No, but some of those libraries (wxWidgets) are almost as portable as
they can be (i.e. it turns on all almost all platforms having a GUI).
In fact, wxWidgets is probably more available than well-compliant ISO
C++98 implementations (I mean implementations supporting member
templates, optional template parameters, namespaces, the STL,
exceptions, etc.).

>  Of course, the package could be set up so that when
> installed on such a system, any attempt to actually use it has either
> no visible result, or returns an error indication of some kind, but I
> would not consider that a successful port of that package to that
> system.
>
Yes, of course.

> Howver, even to the extent that such packages are portable, there is
> still non-portable code; it's just part of those packages, rather than
> being explicitly part of your program.
>
That's not an argument!
Of course there is non portable code (perhaps not in code in C++
language but in C, assembly Fortran or whatever)!
But even if this was built in the C++ language as standard C++ library
or as core language features there would still be non-portable code
behind!
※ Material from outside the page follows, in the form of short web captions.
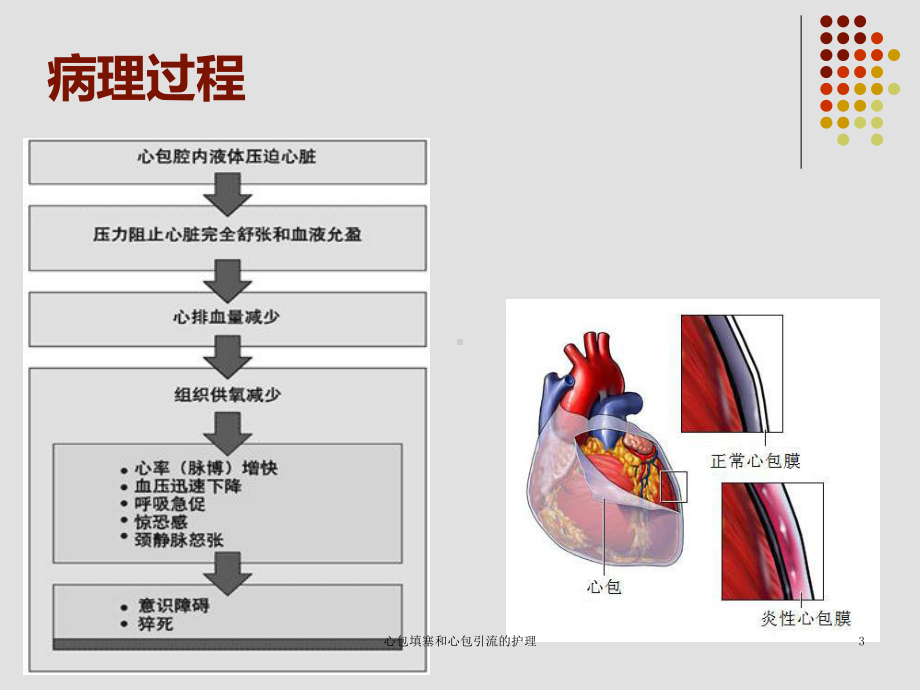 心包填塞和心包引流的护理培训课件.ppt_第3页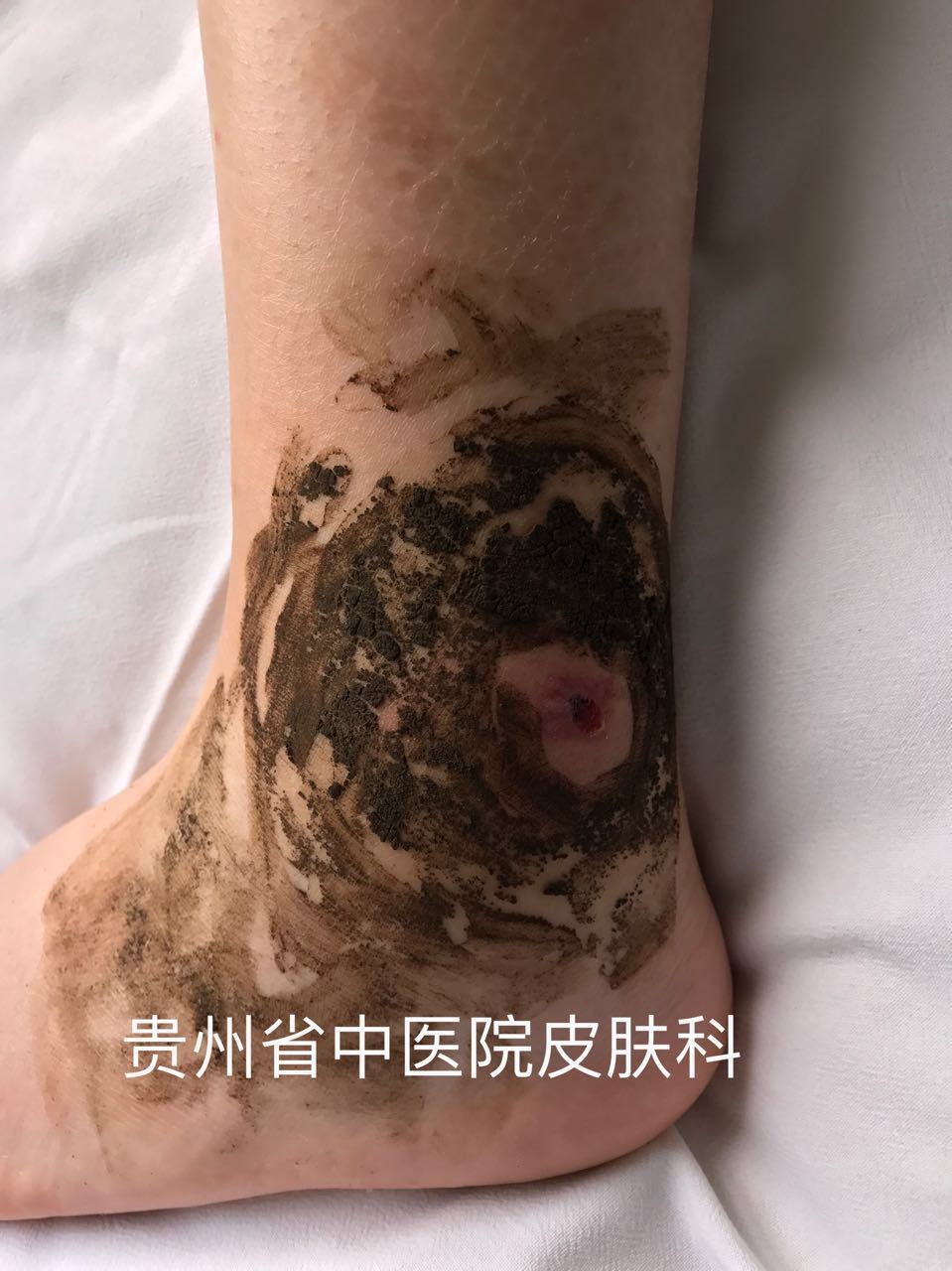 丘疹性荨麻疹…蚊虫叮咬(多图)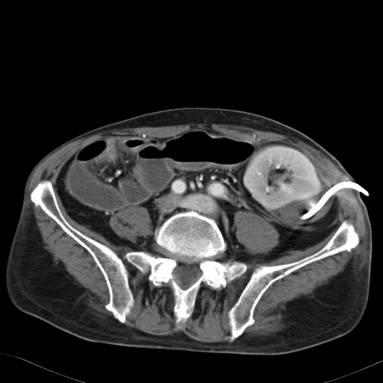 Resim 21: 42 yaşında erkek hastada sağ iliak fossada portal fazda alınan abdominal BT incelemesinde aktif kanamayı gösteren kontrast madde ekstravazasyonu izleniyor.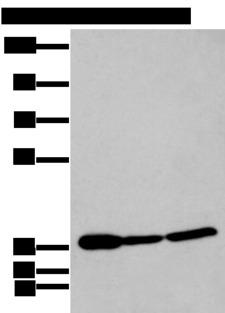 P2RY11 / P2Y11 Antibody - Western blot analysis of 293T and Hela cell lysates  using P2RY11 Polyclonal Antibody at dilution of 1:250
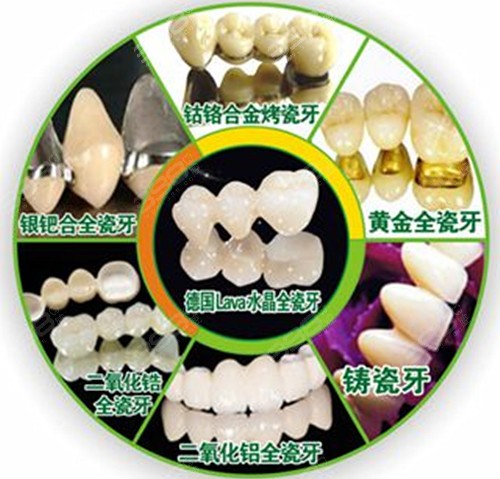 贵金属烤瓷(贵金属烤瓷牙是什么材质)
That's not a problem!
And even if all OS were using X-Window there is still non-portable code
at the device drivers level!

Even languages having a builtin GUI contain non-portable code ... at
the language implementation level!
Moreover I highly doubt that there is any such language available on
more platforms than wxWidgets itself.
However it might possible (it's not even sure) that if C++0x contains a
GUI, it'll rapidly spread on more platforms than wxWidgets.

If a GUI was added as a mandatory element of C++0x, on platforms that
really have no GUI, I think that nobody would implement a fully
compliant C++0x compiler... They would probably only implement C++98 or
at best a partial implementation of C++0x missing the GUI.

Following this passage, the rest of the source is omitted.